L’objet de la sinologie
La sinologie n’est pourtant pas aussi mystérieuse qu’on pourrait le penser de prime abord. Le mot est plutôt récent, datant du xIxe siècle : « sino » vient de Sina, le nom latin de la Chine, modifié pour former des mots composés (sinologie, sinophilie, sinophobie, sinocentrisme, sino-japonais, etc.) ; « logie » vient du grec logos, « discours », « théorie », employé comme suffixe pour désigner plusieurs sciences et disciplines. Le mot sinologie signifie donc « discours théorique ou scientifique sur la Chine », comme le mot anthropologie signifie « discours théorique ou scientifique sur l’être humain ».

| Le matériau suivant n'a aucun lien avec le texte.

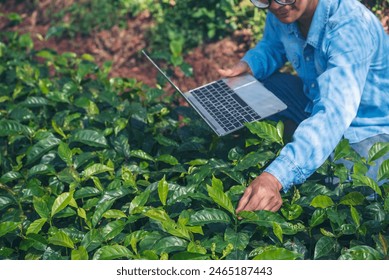 Smart farmer using laptop in eco green farm sustainable quality control. Close up Hand typing laptop computer quality control plant tree. Farmer hands using technology in eco Farmland biotechnology - Powered by Shutterstock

La sinologie fut une invention de l’Occident. L’approche des savants chinois sur leur culture et leur civilisation est très différente, car elle ne comporte pas de dimension comparative inhérente. Or l’étude de la Chine par les Occidentaux est toujours, au moins implicitement, comparative. Le point de départ du sinologue est toujours, consciemment ou inconsciemment, comparatif : un regard occidental posé sur une réalité chinoise. Ce regard n’est pas nécessairement subjectif ou biaisé ; il peut même révéler des aspects de l’expérience sociale, religieuse et intellectuelle que les Chinois n’ont jamais aperçus. Il peut tout autant mettre en lumière, par rétroaction, des côtés de l’expérience passés inaperçus chez les penseurs qui ont formulé et codifié la vision du monde et le système de valeurs du monde occidental. Si la Chine est pour nous l’Extrême-Orient, nous sommes, pour les Chinois, l’Extrême-Occident.

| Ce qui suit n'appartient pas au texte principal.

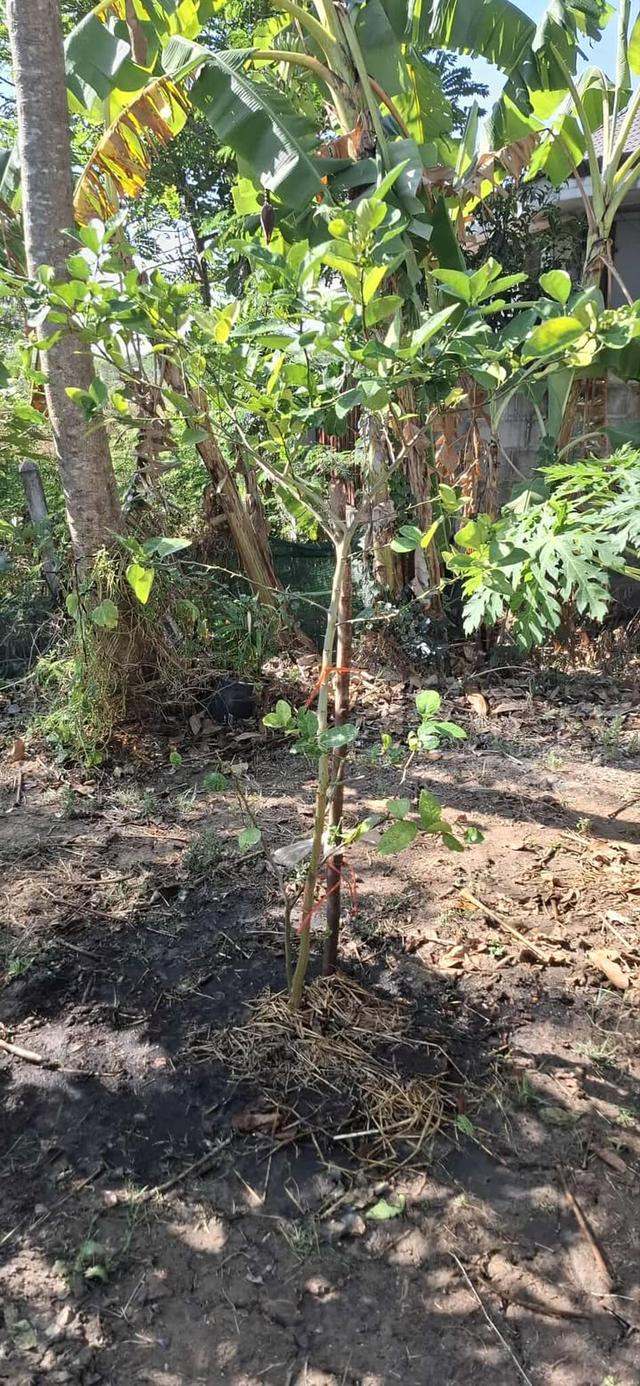 5 ไร่ ทางเข้าไทวัสดุ  โคราช บายพาส ปักธงชัย - จอหอ  9.8 ล้าน 18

La sinologie ambitionne de relever deux défis : comprendre la Chine en elle-même et faire comprendre la Chine en Occident. Ce sont là deux démarches distinctes mais inséparables. On peut les rapprocher des concepts complémentaires émique/étique formulés par Kenneth Pike, Ward Goodenough et Robert Feleppa pour rendre compte de l’épistémologie anthropologique. L’anthropologue doit s’insérer profondément dans le groupe de ceux qu’il étudie, apprenant à comprendre et à justifier leur culture vivante dans le cadre de leur propre système de référence (approche émique). Dans un deuxième temps, il doit « traduire » la connaissance émique acquise dans un langage théorique compréhensible aux gens de sa propre culture ou profession, afin qu’elle serve à l’avancement de la science (approche étique).

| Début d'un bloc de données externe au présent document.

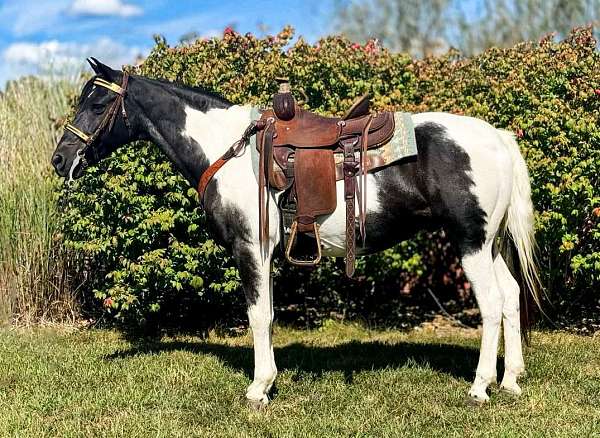 tobiano-black-white-spotted-horse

Il y a bien chez le sinologue quelque chose de l’anthropologue. Il cherche à comprendre un groupe humain qui a créé, dans une durée très longue et un espace très étendu, une culture et une civilisation à nulle autre pareille. L’expérience de la société chinoise, basée sur la connaissance d’individus de cette société, semble être un préalable à une connaissance authentique de cette culture et de cette civilisation, même si de grands sinologues n’ont jamais foulé le sol chinois : l’exception confirme la règle. Le sinologue Yves Raguin a ainsi écrit : « Il faut, pour comprendre la Chine, savoir communier à l’âme secrète de ceux qui l’habitent. »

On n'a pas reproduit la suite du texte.